A couple of weeks ago I had the Grob in for a 1000 hour inspection, and I took the opportunity to get my borescope into the engine’s cylinders and have a look at the state of the exhaust valves, and take some pictures of them.

The valves sit in the cylinder head and are pushed open by the cams on the camshaft via the pushrod and rocker arm. The exhaust valve is the one in each cylinder that opens to let the burnt (and sometimes still burning) fuel air mixture out through the exhaust as the piston comes back up during the exhaust stroke.

Here’s a diagram of a typical overhead valve engine, showing how the cam manages to open the valves:

Because the gas going past the exhaust valve head is tremendously hot, the exhaust valve soaks up a lot of heat during the period that it’s open. The valve is cooled via two paths, firstly down the valve stem and out through the valve guide, and secondly out the edge of the valve head into the valve seat during the time the valve is shut. That requires the edge of the valve to re-seat properly against the valve seat in the cylinder head every cycle. So when the engine is overhauled it’s an important and time-consuming preparatory task to lap the valve and seat together with fine grinding paste to make sure the contact surfaces are polished and smooth and in good contact. If that’s not done properly, or if any residue gets stuck on the valve seat during engine operation, the valve doesn’t close properly, the heat absorbed from the exhaust gas can’t escape, and the head will get too hot.
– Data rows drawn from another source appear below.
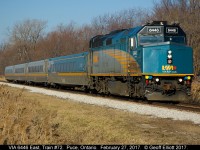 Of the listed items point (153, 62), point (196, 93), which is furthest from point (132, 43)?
point (196, 93)

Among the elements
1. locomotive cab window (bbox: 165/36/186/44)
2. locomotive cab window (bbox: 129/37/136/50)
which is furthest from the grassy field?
locomotive cab window (bbox: 165/36/186/44)

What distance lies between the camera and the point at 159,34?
53.8 feet

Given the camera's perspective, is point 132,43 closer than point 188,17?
Yes

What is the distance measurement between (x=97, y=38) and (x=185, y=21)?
13.0 m

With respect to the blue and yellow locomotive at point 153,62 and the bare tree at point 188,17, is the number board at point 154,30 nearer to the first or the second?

A valve head that gets too hot has a tendency to crack, and eventually the crack will extend, which means a further barrier to heat loss, and more overheating, and more cracking, until eventually a piece of the edge of the valve head breaks right off into the cylinder. That means a sudden and significant loss of power due to a lack of compression on that cylinder, and having a piece of metal valve head bouncing around inside the engine as you fly along. Cue a likely emergency landing in a field somewhere. Not good.

So it’s not a bad idea every now and then for an owner to take a look at the faces and edges of the exhaust valves to see if there’s any evidence of cracking or, prior to that, any evidence of the valve not seating properly. If the valve is seating correctly you expect to see a bullseye pattern on the valve head indicating a symmetrical temperature distribution with heat being conducted equally in all directions out to the edge. If you see a lopsided pattern then you can tell one part of the edge of the valve is getting hotter than the rest, and cracks are more likely to occur there.

Here are the pictures I snapped of the valve faces, showing nice symmetric heat patterns, suggesting good valve seating and symmetric heat conduction:

By way of comparison, here’s the valve face from a different engine, where you can see the lopsided heat pattern. This is definitely one to watch, with a possibilty of valve cracking in the not too distant future:

There are various different mechanical defects that can occur in an engine during flight, all of them rare, but some less rare than others, and most of them are hard to predict. But in this instance I was happy to be able to confirm visually that the valves in FLYO’s engine aren’t in bad shape at the moment.